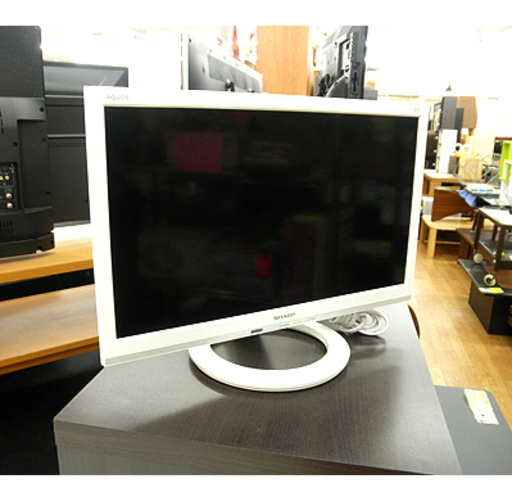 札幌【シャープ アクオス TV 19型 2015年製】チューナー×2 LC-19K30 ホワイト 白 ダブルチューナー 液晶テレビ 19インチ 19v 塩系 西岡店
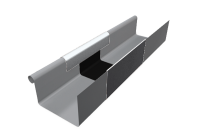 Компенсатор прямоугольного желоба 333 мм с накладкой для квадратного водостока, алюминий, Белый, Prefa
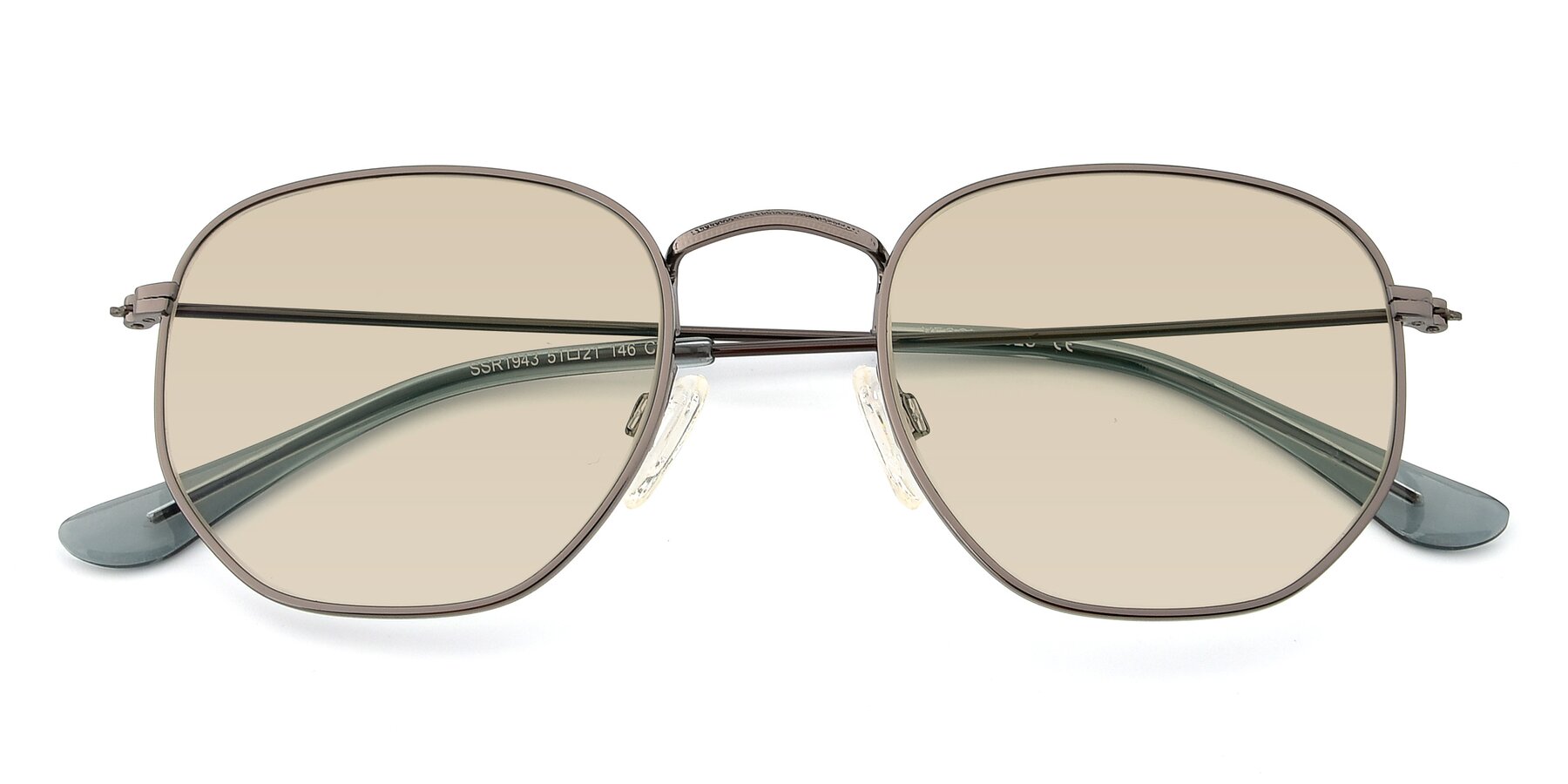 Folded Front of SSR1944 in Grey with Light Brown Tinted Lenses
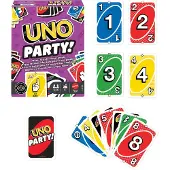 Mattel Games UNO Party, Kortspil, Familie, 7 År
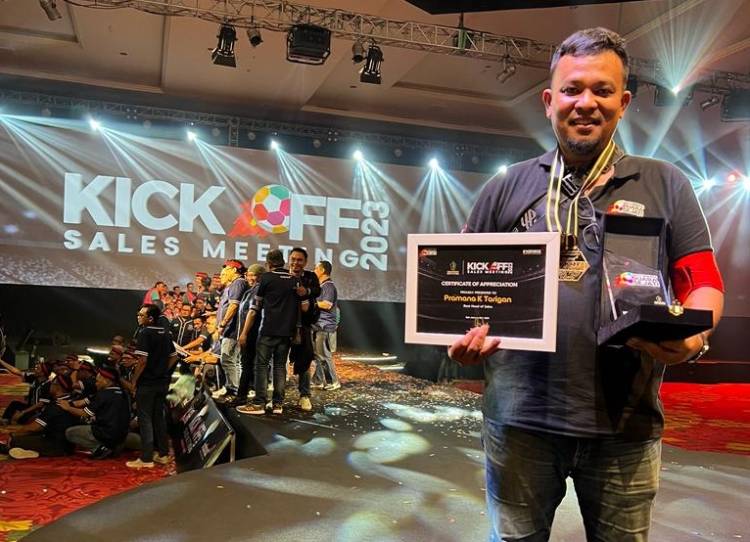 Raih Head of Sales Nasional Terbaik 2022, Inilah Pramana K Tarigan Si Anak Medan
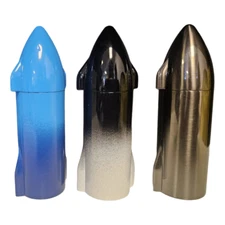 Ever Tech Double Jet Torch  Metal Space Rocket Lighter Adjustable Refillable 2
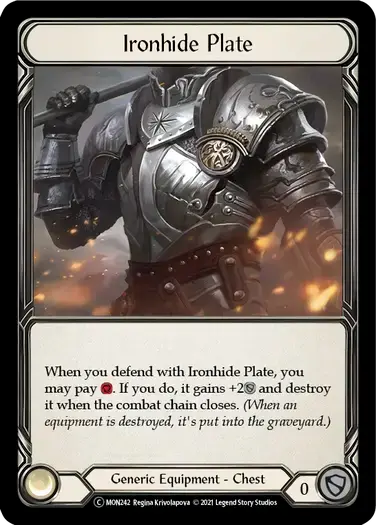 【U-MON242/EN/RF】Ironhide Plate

**********

Write out exactly the lines beginning with the line that holds "Folded Front of" and ending with the final line of the data, both ends included, without the pictures.

Your response
 Folded Front of SSR1944 in Grey with Light Brown Tinted Lenses
 Mattel Games UNO Party, Kortspil, Familie, 7 År
 Raih Head of Sales Nasional Terbaik 2022, Inilah Pramana K Tarigan Si Anak Medan
 Ever Tech Double Jet Torch  Metal Space Rocket Lighter Adjustable Refillable 2
 【U-MON242/EN/RF】Ironhide Plate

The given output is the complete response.